I would have to guess that they made view state last so as to avoid the scenario of users clicking on buttons and links that would be missing parameters; they simply made the entire page invalid until it finishes loading.

 

Neither of your two solutions would precisely work because:

 

1) document.ready occurs before images and so on loads, but doesn't fire until the closing HTML tag (or end of stream, etc). There's still definitely a window in which a partially loaded document can be rendered, which would leave the buttons as accessible until the document finishes loading; the view state can still be accessed in that incomplete scenario I mentioned before.

 

2) The "action" method on the page is called during the "action" step of the pseudo-code above. It's not two entirely separate transactions, it's one transaction with the constructor plus one additional method being called. This means that the page won't have loaded fully before output (in other words, you're effectively doing what you were doing originally, but in a more elaborate manner).

 

So, here's some thoughts:

 

1) Use your second method, but do not add the action to the page, but instead use an actionFunction, and use window.onload to call this actionFunction, using a reRender that targets the form element.

 

2) Use a containing div with a "display: none" style, and remove that style from the div once document.onready or window.onload fires. This avoids a round trip, so should save 2-5 seconds for those dialup users.

 

I'm sure there's other designs you could go for, but I hope this helps out.

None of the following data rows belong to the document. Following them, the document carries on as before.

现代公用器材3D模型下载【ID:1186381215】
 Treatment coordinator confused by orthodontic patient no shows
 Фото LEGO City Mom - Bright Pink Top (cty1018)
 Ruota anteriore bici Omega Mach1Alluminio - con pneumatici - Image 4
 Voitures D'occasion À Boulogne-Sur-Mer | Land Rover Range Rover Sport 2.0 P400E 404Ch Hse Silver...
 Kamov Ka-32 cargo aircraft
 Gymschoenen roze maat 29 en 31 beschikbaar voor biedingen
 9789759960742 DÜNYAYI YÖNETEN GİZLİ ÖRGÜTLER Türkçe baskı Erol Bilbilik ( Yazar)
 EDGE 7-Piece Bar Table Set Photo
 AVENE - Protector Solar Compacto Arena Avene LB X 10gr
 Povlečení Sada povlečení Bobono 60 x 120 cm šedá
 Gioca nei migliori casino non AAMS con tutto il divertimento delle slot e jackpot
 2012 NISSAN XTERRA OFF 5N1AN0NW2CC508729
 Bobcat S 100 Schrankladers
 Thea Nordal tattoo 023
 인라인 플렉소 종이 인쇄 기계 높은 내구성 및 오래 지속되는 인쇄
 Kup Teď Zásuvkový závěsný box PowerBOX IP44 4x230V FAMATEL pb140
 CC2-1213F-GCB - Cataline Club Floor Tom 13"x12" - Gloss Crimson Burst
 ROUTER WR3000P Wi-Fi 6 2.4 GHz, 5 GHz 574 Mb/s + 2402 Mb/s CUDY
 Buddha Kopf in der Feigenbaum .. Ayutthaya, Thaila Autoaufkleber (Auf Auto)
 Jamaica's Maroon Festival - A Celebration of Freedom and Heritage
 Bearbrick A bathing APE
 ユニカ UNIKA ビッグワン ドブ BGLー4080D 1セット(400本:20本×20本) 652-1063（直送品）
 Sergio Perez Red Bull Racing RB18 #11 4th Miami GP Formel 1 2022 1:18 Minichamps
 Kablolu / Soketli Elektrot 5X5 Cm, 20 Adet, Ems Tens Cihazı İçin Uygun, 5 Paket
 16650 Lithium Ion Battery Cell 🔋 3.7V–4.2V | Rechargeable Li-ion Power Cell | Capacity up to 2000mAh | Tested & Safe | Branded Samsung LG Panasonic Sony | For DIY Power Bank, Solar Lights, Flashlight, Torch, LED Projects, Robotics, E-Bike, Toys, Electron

This was selected as the best answer
TLFTLF

Awesome response sdfcfox. I appreciate you taking the time to write it up. I'll give your suggestions a try and follow up. FYI, I successfully used the Firefox Throttle plug-in to simulate slow connections.

sfdcfoxsfdcfox

Thanks for the info on the Firefox extension. I'll check it out. In the interim, let me know how it goes for you.

TLFTLF

Ok, I think I've got this working. Basically I did what you suggested sdfcfox. Here's what I did:

 

On my page, I added the following. This relies on the jQuery plugin to undo the "display:none;" style on apex:pageBlockButtons on the window load event. It also calls the setLoadComplete action function, which invokes a controller action that sets the "loadComplete" variable to true.

 

 

<apex:includeScript value="{!$Resource.jquery}" />
<script>
	jQuery.noConflict();
	jQuery(window).bind('load', function() {
		jQuery('.pbButton').css('display', 'inline');
		setLoadComplete();
	});
<script>
.
.
.
<apex:form id="theForm" >

	<apex:actionFunction name="setLoadComplete" action="{!loadComplete}" rerender="theForm" />

	<apex:pageBlock id="editBlock" mode="edit" rendered="{!mode == 'edit'}">
		<apex:pageBlockButtons id="editButtons" location="top" style="{!IF(NOT(loadComplete), 'display:none;', '')}" >
		.
		. <!-- buttons here -->
		.
		</apex:pageBlockButtons>

		.
		. <!-- page elements here -->
		.
	</apex:pageBlock>
</apex:form>

 

 

Here the controller code I added:

 

public with sharing class MyController {
	
	public Boolean loadComplete {
		get {
			if (loadComplete == null) {
				loadComplete = false;
			}
			return loadComplete;
		}
		set;
	}

	.
	.
	.

	public PageReference loadComplete() {
		loadComplete = true;
		return null;
	}
}

 

Thanks for your suggestion. It's a bit ugly when the page load takes a long time, because during that time, the buttons are not visible at all, then they appear once the load completes.